Our case study is a 2018 paper by Jordi Fortuny, which refines the ideas first presented in Fortuny (2008) and Fortuny and Corominas-Murtra (2018). The paper wrestles with one of the foundational issues of syntax: the interplay of structure and linear order, and why the latter seems to play second fiddle at best in syntax. Let’s first reflect a bit on the nature of this problem before we look at Fortuny’s proposed answer.

Structure VS linear order

The primacy of structure is pretty much old hat to linguists. You’ve all seen the standard auxiliary fronting example before:

  1. The man who is talking is tall.
  2. Is the man who is talking _ tall?
  3. *Is the man who _ talking is tall.

Why is there no language that defines auxiliary fronting in terms of linear precedence such that the leftmost — or alternatively the rightmost — auxiliary in the sentence is fronted? Quite generally, why doesn’t syntax allow constraints that are based entirely on linear order, such as:

  1. Sentence-final decasing
    Don’t display case if you are the last word in the sentence.
  2. RHOL subject placement
    The subject of a clause C is the rightmost DP with at least two lexical items. If no such DP exists in C, the subject is the leftmost DP instead.
  3. Linear movement blocking
    No adjunct may linearly intervene between a mover and its trace.
  4. Modulo binding
    Every reflexive must be an even number of words away from the left edge of the sentence.

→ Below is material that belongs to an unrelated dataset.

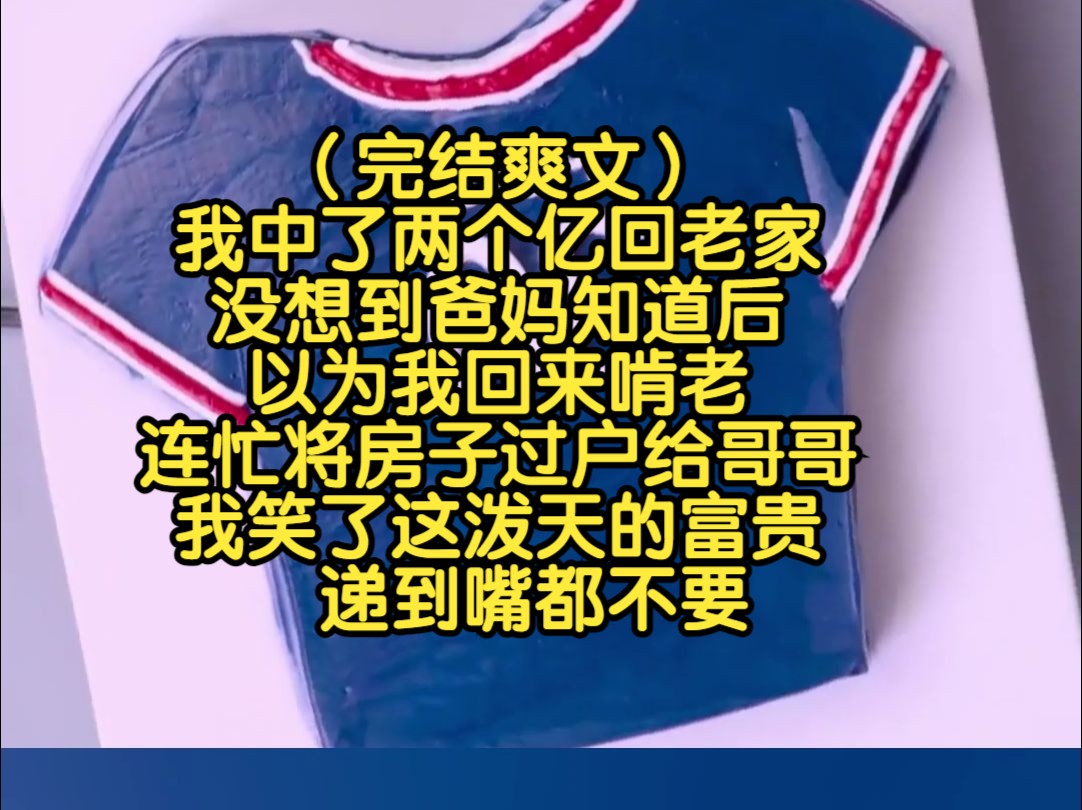 (完结爽文)我中了两个亿回老家,没想到爸妈知道后,以为我回来啃老,连忙将房子过户给哥哥,我笑了这泼天的富贵递到嘴都不要哔哩哔哩bilibili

That’s exactly the kind of question that keeps me up at night. As you know, I like the idea that syntax and phonology are actually very similar at a computational level, so the non-existence of the constraints above is problematic because they are all modeled after phenomena from the phonological literature. How can we explain the absence of those constraints?

There’s two answers here, and neither one is satisfying. We might reject the initial assumption that linear order doesn’t matter in syntax. That’s basically Benjamin Bruening’s story for binding (Bruening 2014). I have a weak spot for contrarian takes, but the Bruening stance doesn’t answer why we still can’t get constraints like the ones listed above. Perhaps Bruening is right and linear order matters to some extent, but if so the extent seems to be much more limited than one could imagine.

This leaves us with option 2, which is the standard story: syntactic representations have no linear order, hence syntax can’t make reference to linear order. The idea goes back to Kayne (1994) and is also a major reason for the use of sets in Bare Phrase Structure (Chomsky 1995). But it simply doesn’t work because syntax is inherently asymmetric. And this is where Fortuny (2018) enters the picture.

Order from computation

I take Fortuny’s basic point to be one that I’m very sympathetic to: linear order emerges naturally from the asymmetry that is implicit in syntactic computation. Hence it is hopeless to stipulate linear order out of syntax, the best one can do is to systematically bound the role of linear order in syntax.

Here’s my take on this, which I think is close in spirit to what Fortuny is driving at, but without any reliance on sets. A (strict) linear order arises when you have a relation that is transitive, irreflexive, asymmetric, and trichotomous:

  • transitive: whatever can be reached in \(n\) steps can be reached in one step
    (\(x \mathrel{R} y\) and \(y \mathrel{R} z\) implies \(x \mathrel{R} z\))
  • irreflexive: nothing is related to itself
    (\(x \not\mathrel{R} x\) for all \(x\))
  • asymmetric: no two elements are mutually related
    (\(x \mathrel{R} y \rightarrow y \not\mathrel{R} x\))
  • trichotomous: no two elements are unrelated
    (\(x \mathrel{R} y \vee y \mathrel{R} x \vee x = y\))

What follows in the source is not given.